**MATERIAL SHOWN:**
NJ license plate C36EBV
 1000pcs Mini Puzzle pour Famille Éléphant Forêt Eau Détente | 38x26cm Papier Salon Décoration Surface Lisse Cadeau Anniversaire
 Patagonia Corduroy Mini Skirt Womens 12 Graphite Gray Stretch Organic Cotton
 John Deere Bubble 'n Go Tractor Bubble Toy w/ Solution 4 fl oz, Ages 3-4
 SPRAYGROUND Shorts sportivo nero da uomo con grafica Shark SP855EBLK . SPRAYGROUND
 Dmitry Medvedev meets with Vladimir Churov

**WHAT IS REQUIRED:** Repeat the data. Every word must match.

**RESULT:**
NJ license plate C36EBV
 1000pcs Mini Puzzle pour Famille Éléphant Forêt Eau Détente | 38x26cm Papier Salon Décoration Surface Lisse Cadeau Anniversaire
 Patagonia Corduroy Mini Skirt Womens 12 Graphite Gray Stretch Organic Cotton
 John Deere Bubble 'n Go Tractor Bubble Toy w/ Solution 4 fl oz, Ages 3-4
 SPRAYGROUND Shorts sportivo nero da uomo con grafica Shark SP855EBLK . SPRAYGROUND
 Dmitry Medvedev meets with Vladimir Churov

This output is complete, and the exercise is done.